Answer
a. $y'(0)=c=0$.
b. $y'(-L)=3aL^2-2bL=0$.
c. See explanations.
Work Step by Step
a. Given the equation $y=ax^3+bx^2+cx+d$ and $y(-L)=H, y(0)=0$, we have $y'=3ax^2+2bx+c$ and at $x=0$, we have $y'(0)=c$. We can further evaluate the parameters. $y(0)=0$ gives $d=0$. Because the airplane will glide horizontal when landing, we have $y'(0)=0$, which gives $c=0$.
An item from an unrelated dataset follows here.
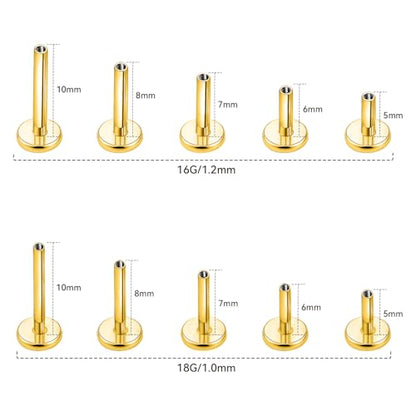 limerencia 16G/18G Hypoallergenic Internal Threaded Titanium Bar Post Replacement,Flat Back Stud Earrings Post Medusa Helix Couch Labret Bar for Women Men Sensitive Ears(A Pair) - color: gold tone, size: 16G-7mm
b. At $x=-L$, we have $y'(-L)=3a(-L)^2+2b(-L)=3aL^2-2bL$. Because we can assume the airplane travels horizontally before descent for landing, $y'(-L)=0$, which gives $3aL=2b$. As $y(-L)=H$, we have $a(-L)^3+b(-L)^2=H$ and $-aL^3+bL^2=H$ or $-2aL^3+3aL^3=2H$ which gives $a=\frac{2H}{L^3}$ and $b=\frac{3H}{L^2}$
c. Using the above results, we have $y=ax^3+bx^2+cx+d=(\frac{2H}{L^3})x^3+(\frac{3H}{L^2})x^2+(0)x+0=H[2(\frac{x}{L})^3+3(\frac{x}{L})^2]$